In 1993, a research team led by Dr. James Gusella, at Massachusetts General Hospital in Boston, found the gene that causes Huntington’s.

But what they have not been able to isolate and study is the whole protein made by the gene, a substance called huntingtin. Without the entire protein to study, scientists find it hard to decipher what happens in the brain as a result of the mutation; why nerve cells in the basal ganglia gradually die off. The brain damage occurs because the protein made by the mutant gene is altered or disabled, setting it up to kill off nerve cells. Similar die-off of specific nerve cells, but for different reasons, is seen in other brain disorders such as Alzheimer’s disease and Parkinson’s disease. Wexler said that even though they haven’t isolated the intact protein, the researchers are not slowing down their work. Their new strategy is to leapfrog ahead and begin an intensive search for drugs that can treat the disease.

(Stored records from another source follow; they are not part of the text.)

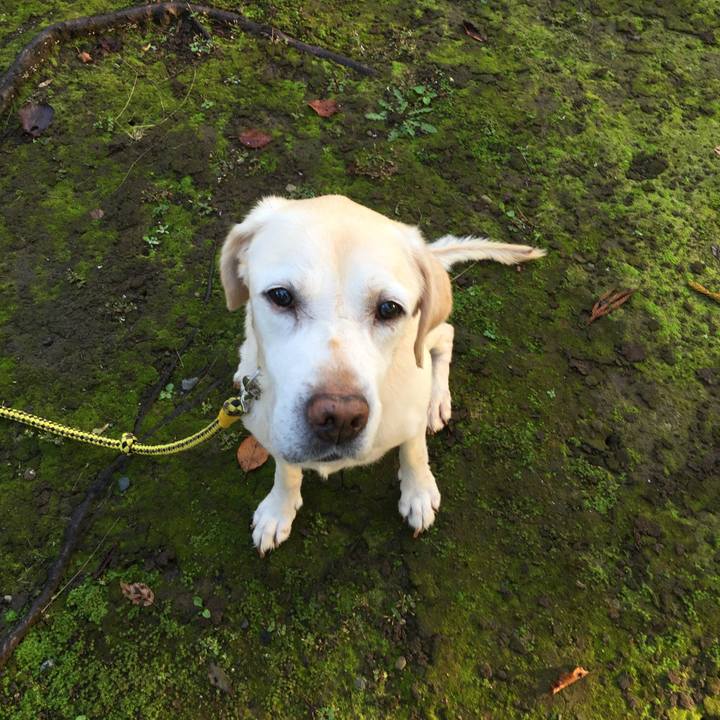 Bb8ea2f4 aa39 4b8c 8840 5063950159d3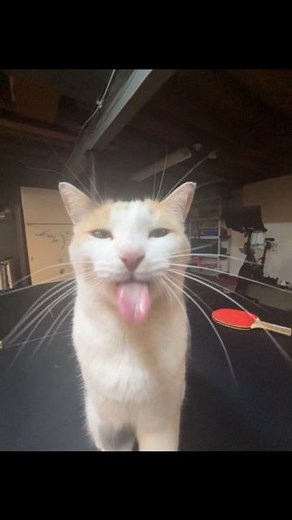 Cursed Cats | I can act rather silly at times 😛 • Credit: fatfatmillycat on tiktok • Follow @meowcursed for more cursed cats videos 😸 • Follow:... | Instagram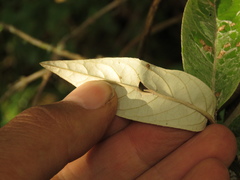 Oligactis sessiliflora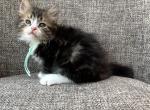 Boy Siberian Purebred Black Bown Tabby with White - Siberian Kitten For Sale - Old Bridge&comma; NJ&comma; US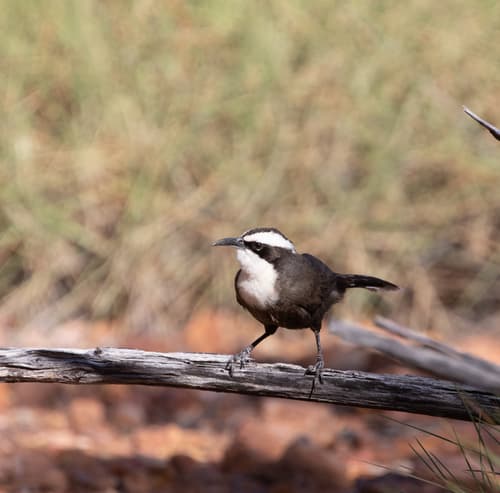 Hall's Babbler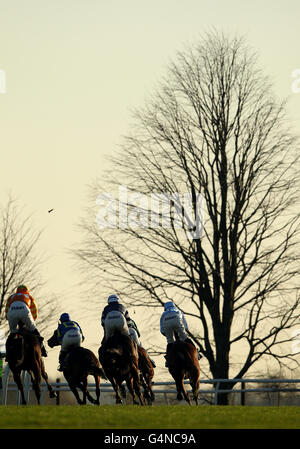 Horse Racing - Fakenham Racecourse Stock Photo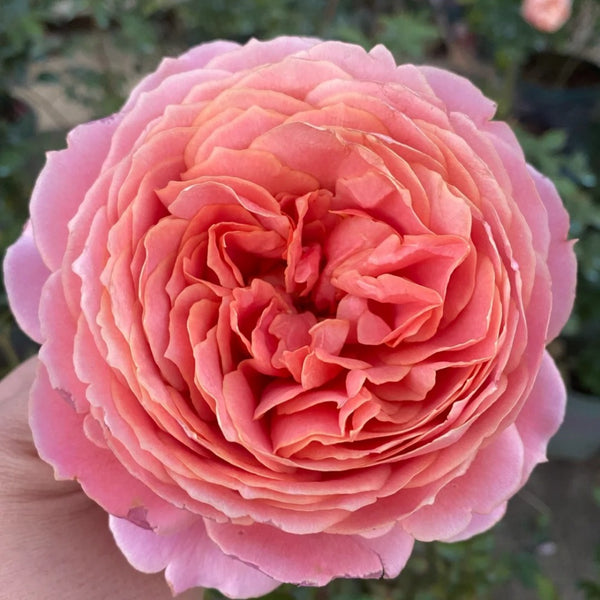 One Rimantic Rose Romantic Antike Rose Plant – Timeless Beauty for Your Garden – Rose ...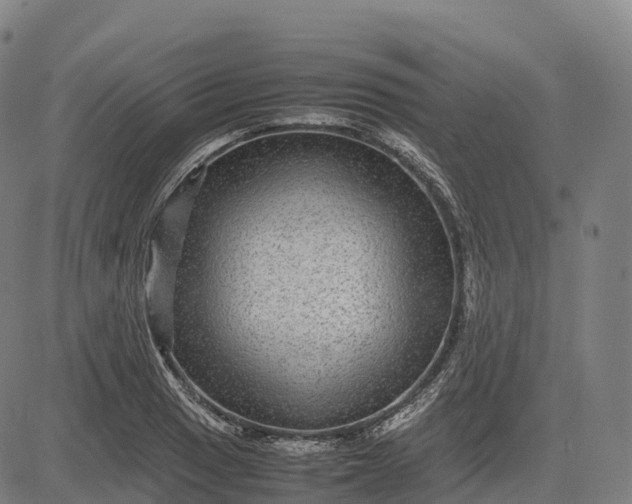 X0000082721033200702091807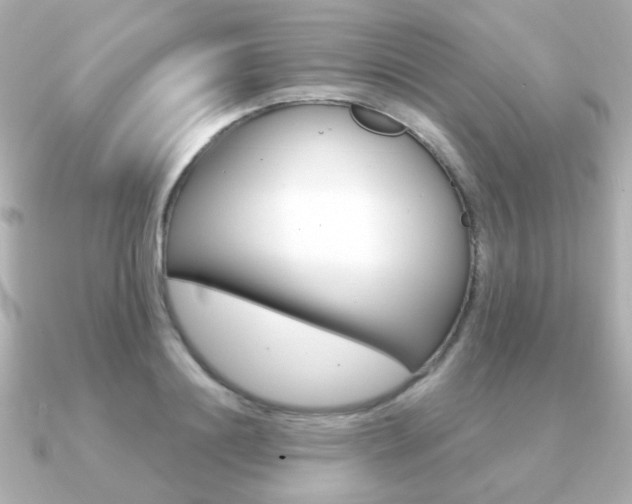 X0000091190844200708091021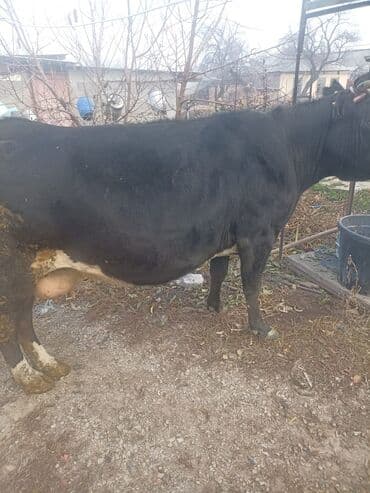 куплю домашнее животное: Продаю | Корова (самка) | Голштин | Для разведения | Привязанные — 9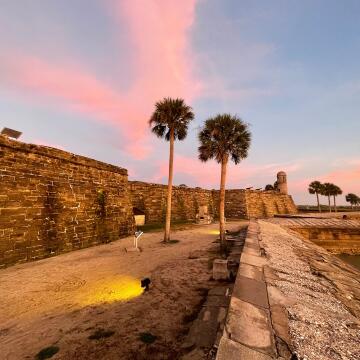 A couple of palm trees poke out of the dirt of a path around the Castillos de San Marcos fort in St Augustine,  while the early morning sun paints the clouds in the sky with pink.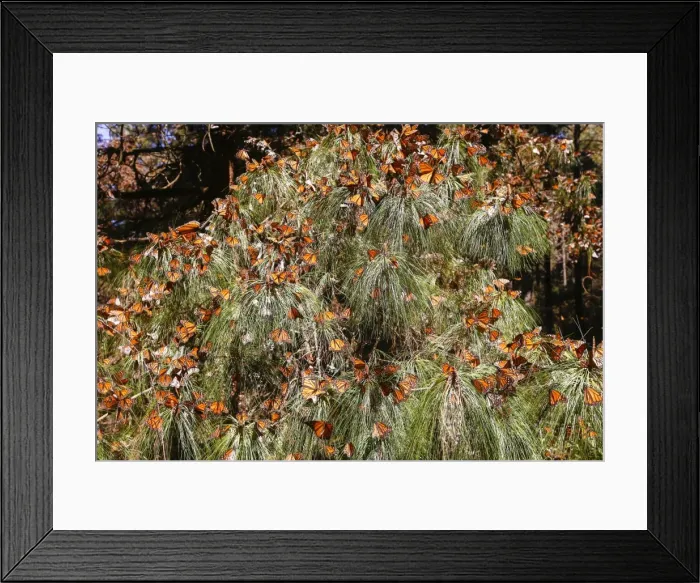 Framed Print : Picture No. 11981391 Framed Print : Picture No. 11981391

Their ultimate goal, of course, is to find a cure.

What they’re setting up is an assay system that can quickly analyze the potential effectiveness of drugs among the many thousands of chemicals that exist. They expect the drug search to be speeded up by use of the glowing substance from jellyfish, which they call green fluorescent protein, or GFP. This test system was devised by a small biotechnology company in San Diego, Aurora Biosciences Inc.